Crawled caption data
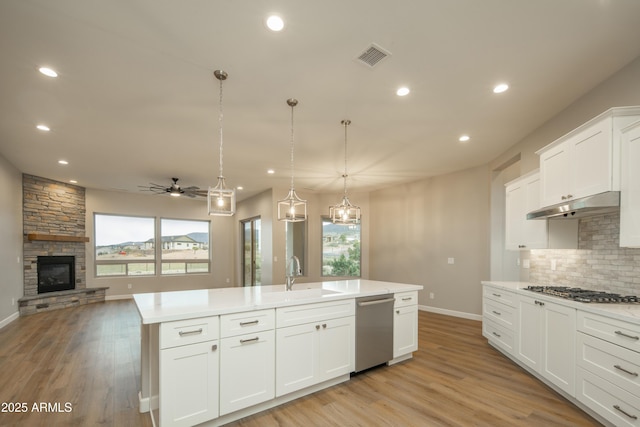 14110 E Hard Rock Rd, Prescott Valley, AZ 86315 - kitchen with stainless steel appliances, tasteful backsplash, recessed lighting, ceiling fan, and open floor plan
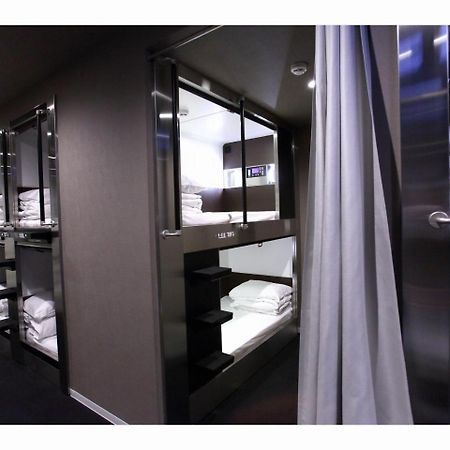 Capsule Hotel Valie Ebisucho Ósaka Exteriér fotografie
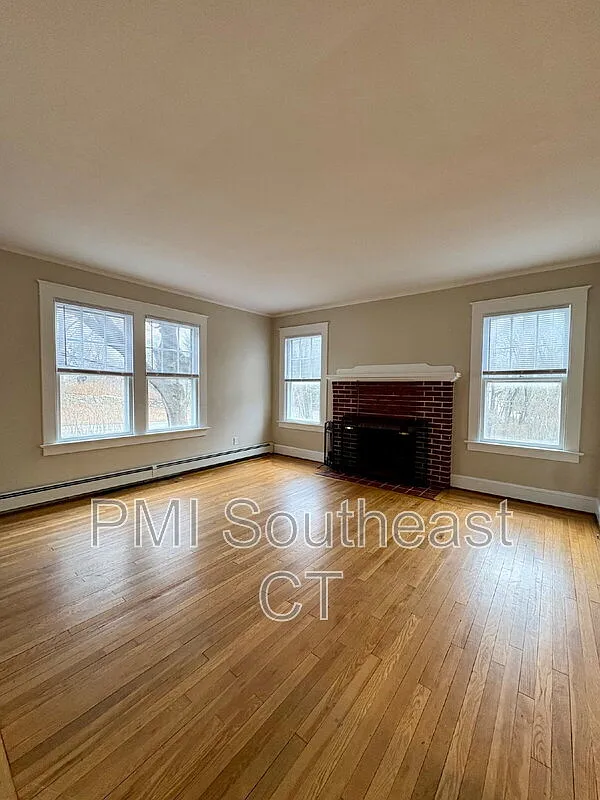 Building Photo - 640 Williams St #1S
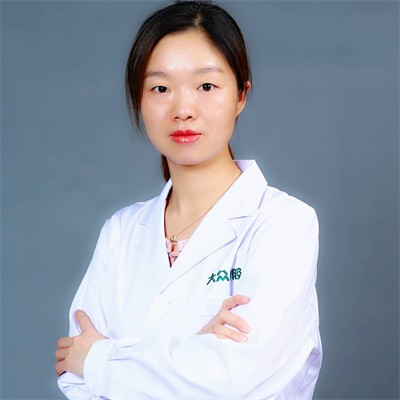 龚丽琼 龚丽琼
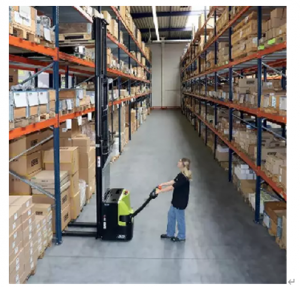 克拉克推出新型锂电步行式堆高车SWX16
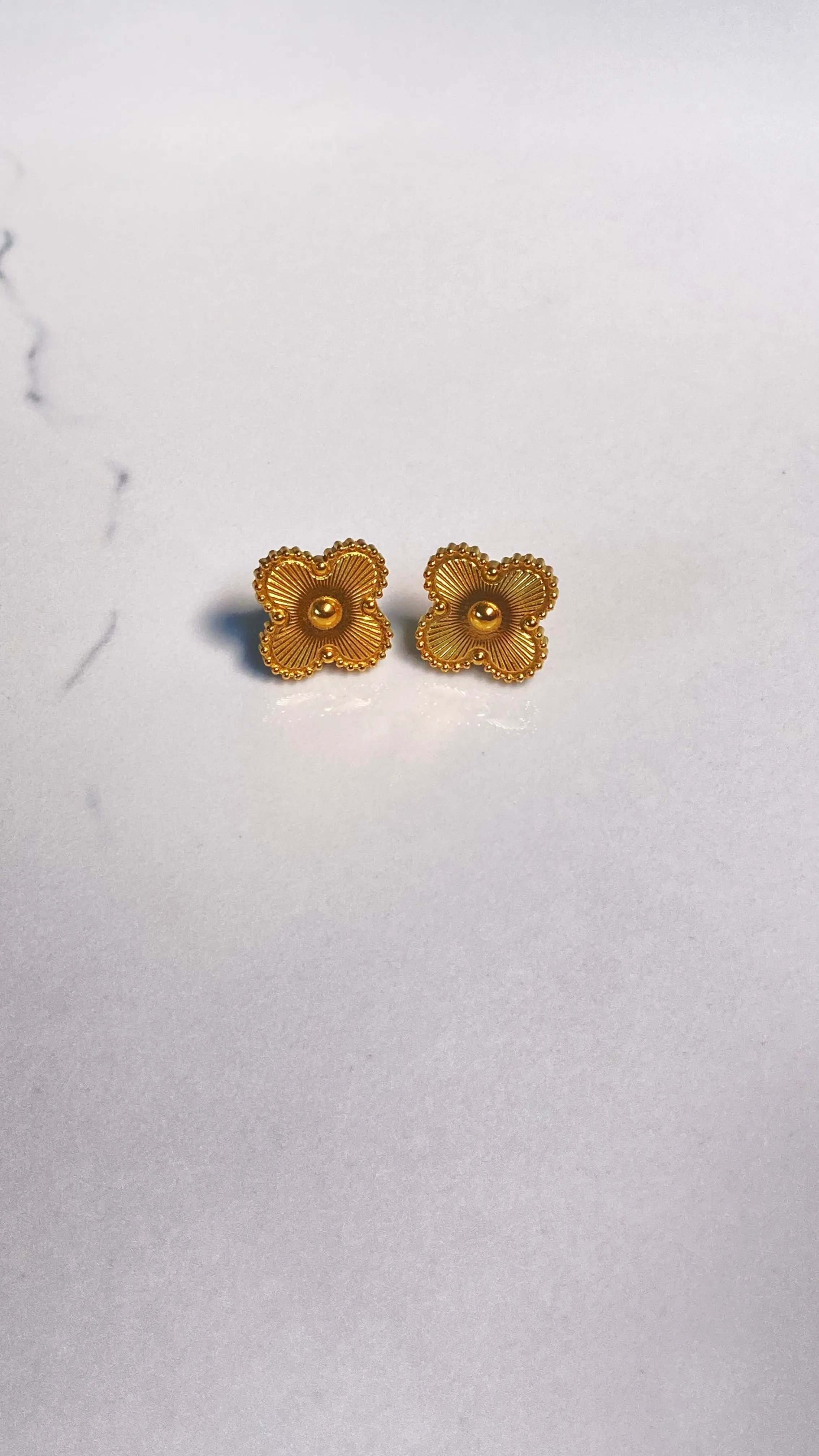 Sleek Clover Stud Earrings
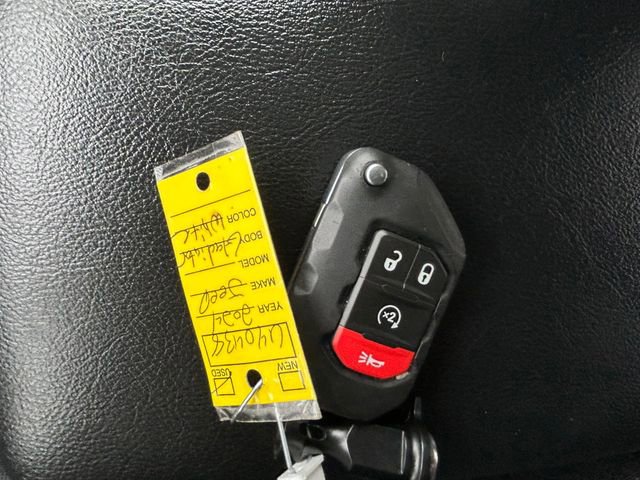 Used 2024 Jeep Gladiator Sport image 13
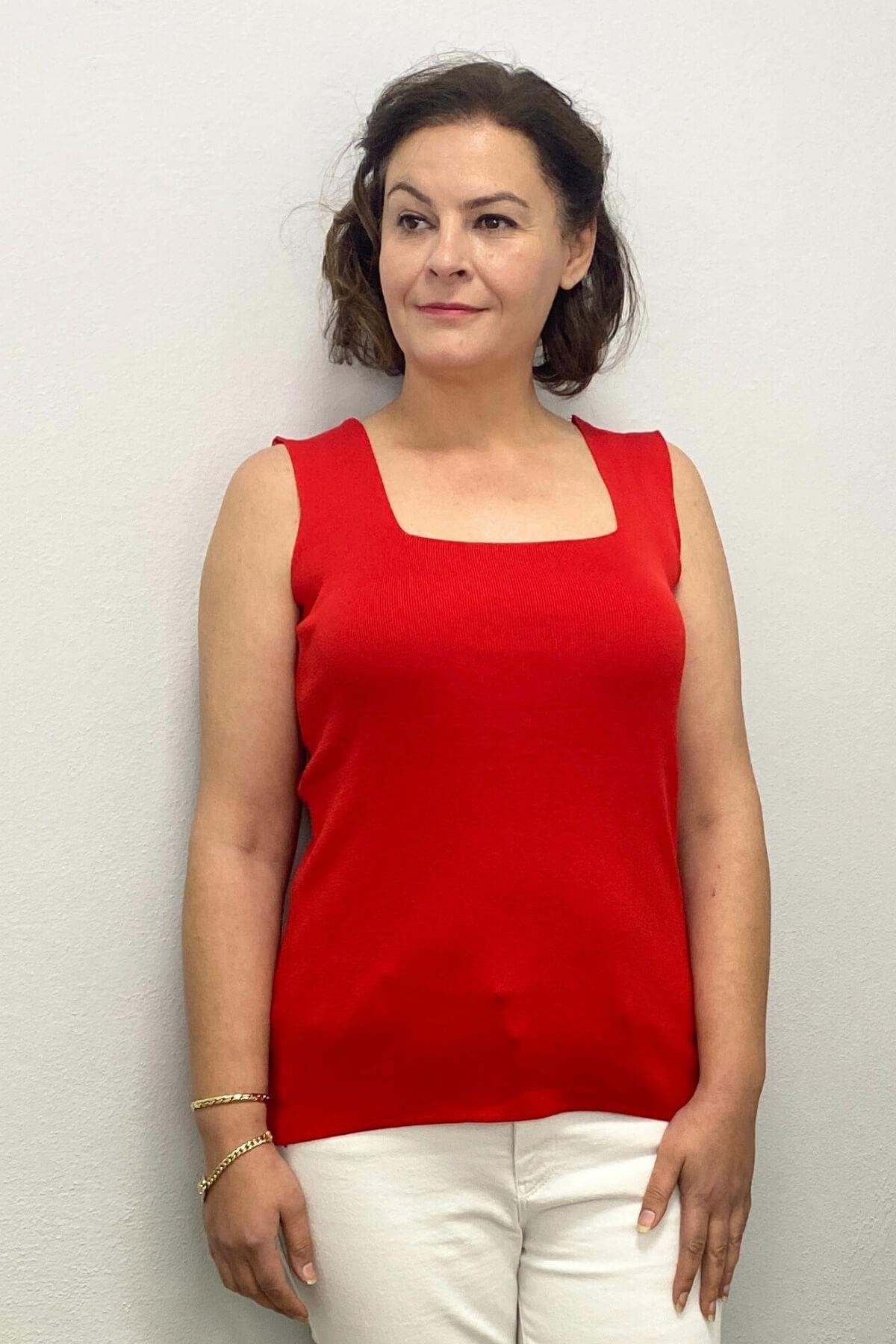 Büyük Beden Kırmızı Kare Yaka Triko Bluz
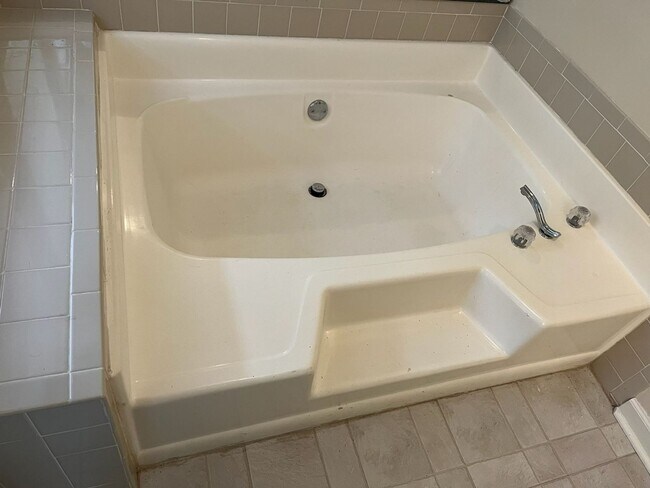 Building Photo - Located in Northern Columbus!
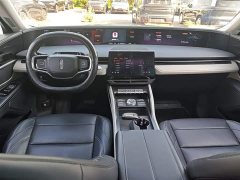 Lincoln Navigator 2.0T AWD Prestige - ფოტო 10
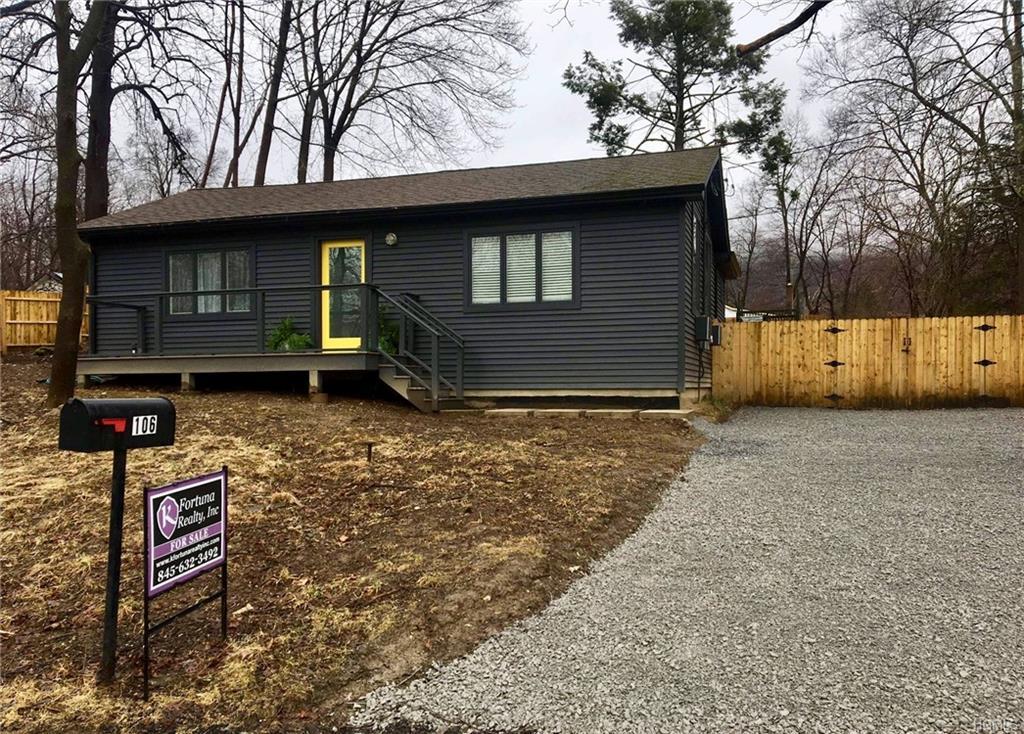 106 Wesley Avenue - Photo 1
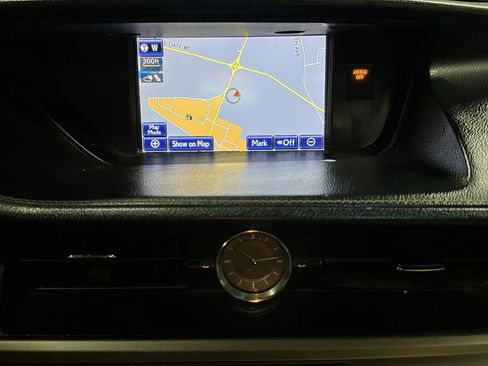 Used 2013 Lexus ES 350 w/ Luxury Pkg image 21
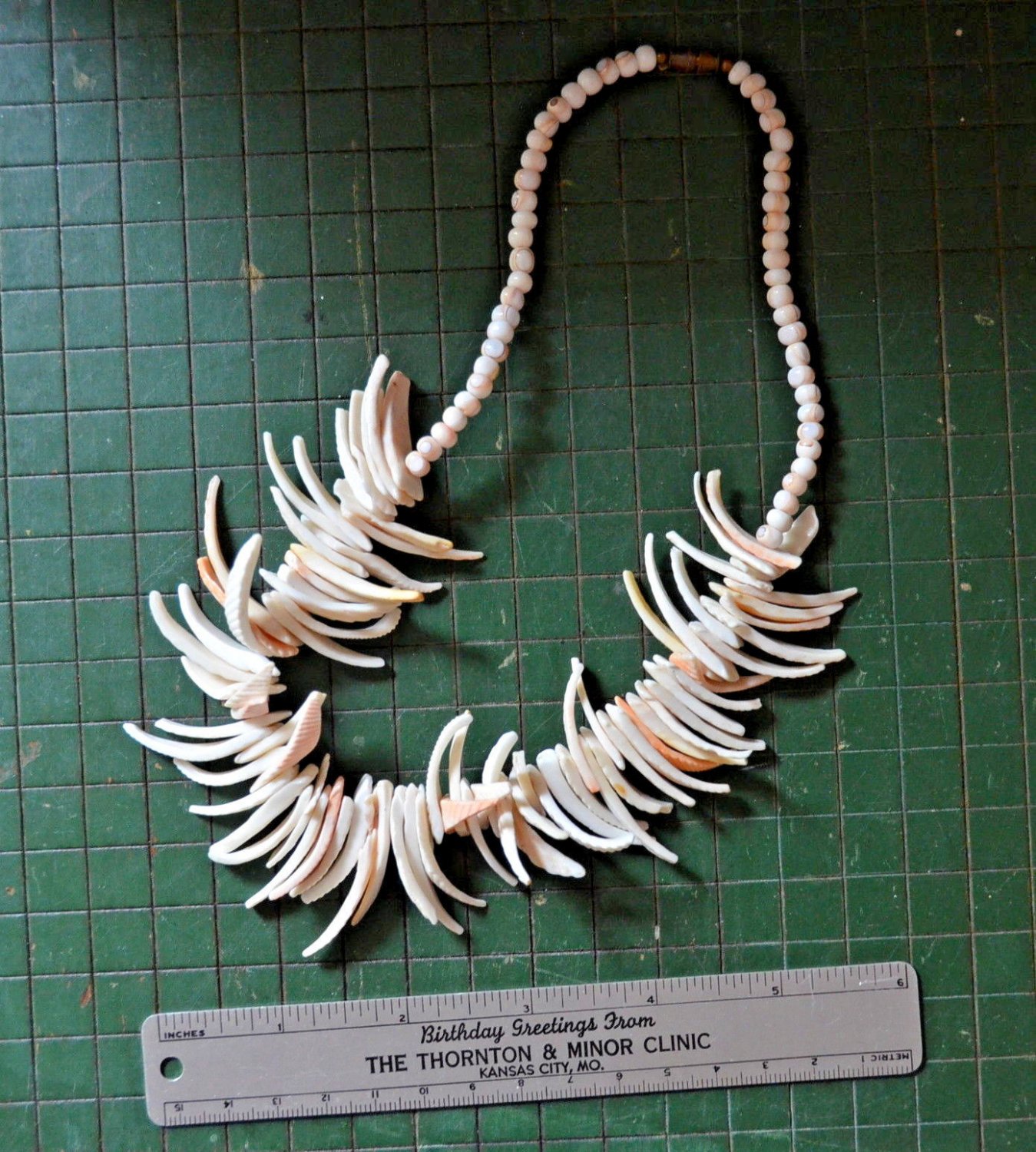 vintage super chunky shell collar necklace off white salmon peach spiky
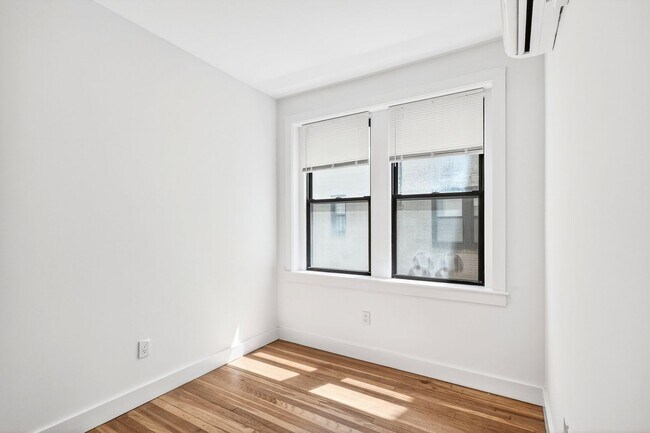 12 Elko St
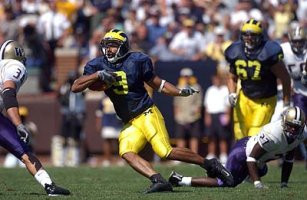 Tyrece Butler (9) and Matt Lentz (67)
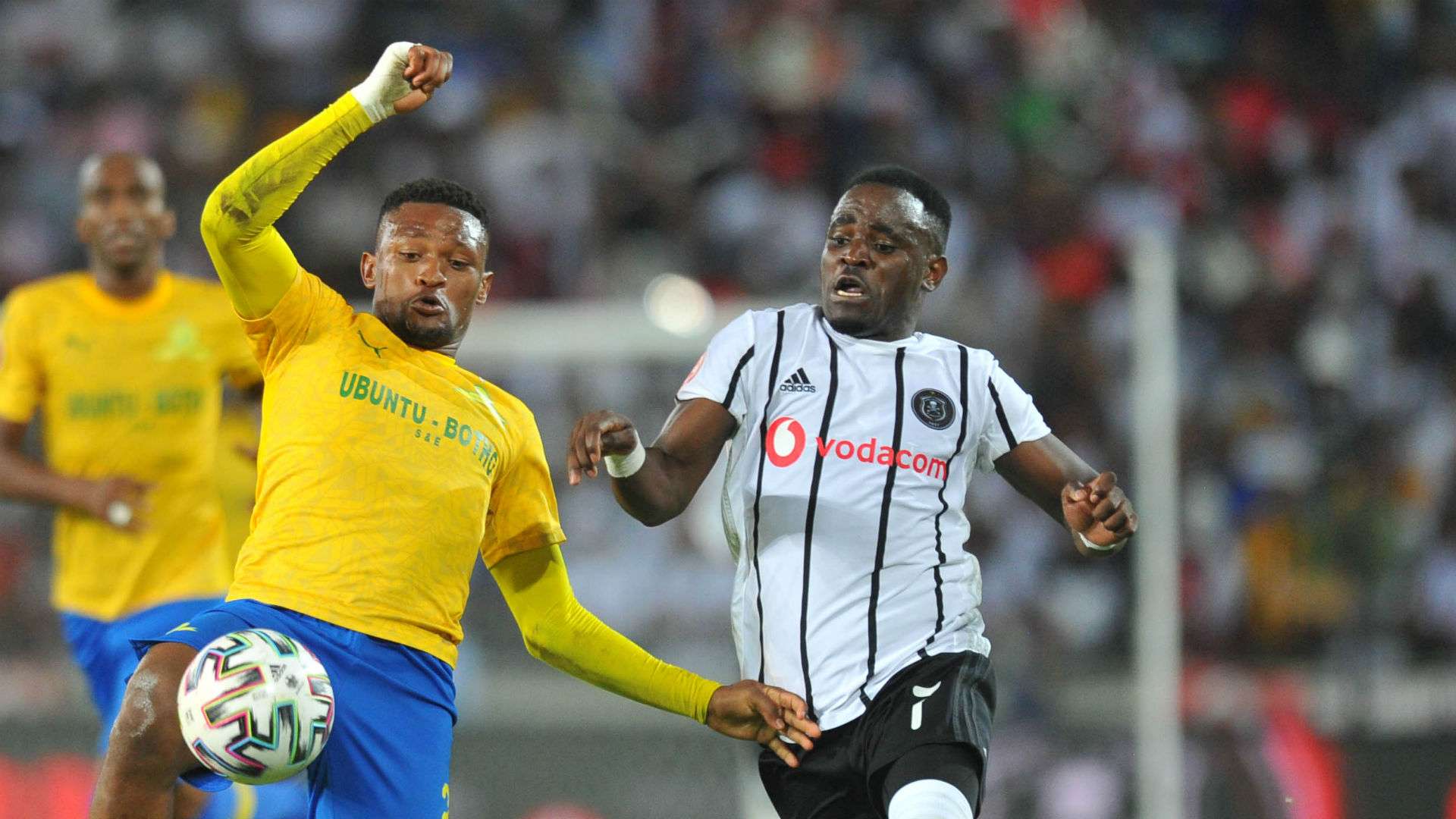 Motjeka Madisha, Mamelodi Sundowns & Frank Mhango, Orlando Pirates, 2019
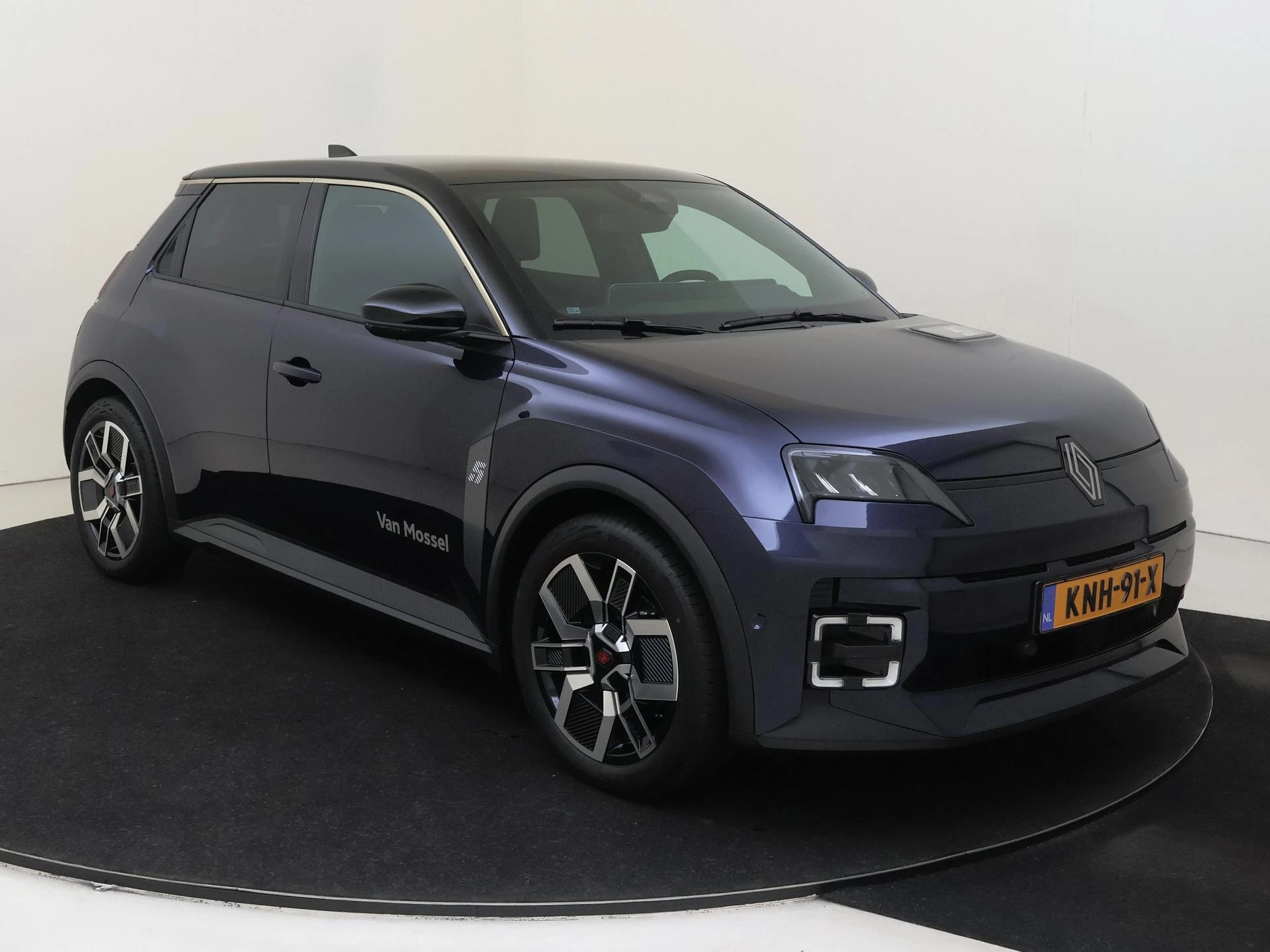Renault 5 – autofoto 3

## Task directions
Return verbatim every line from the one holding "Motjeka Madisha, Mamelodi" to the end of the records above. Do not copy the pictures.

## Task result
 Motjeka Madisha, Mamelodi Sundowns & Frank Mhango, Orlando Pirates, 2019
Renault 5 – autofoto 3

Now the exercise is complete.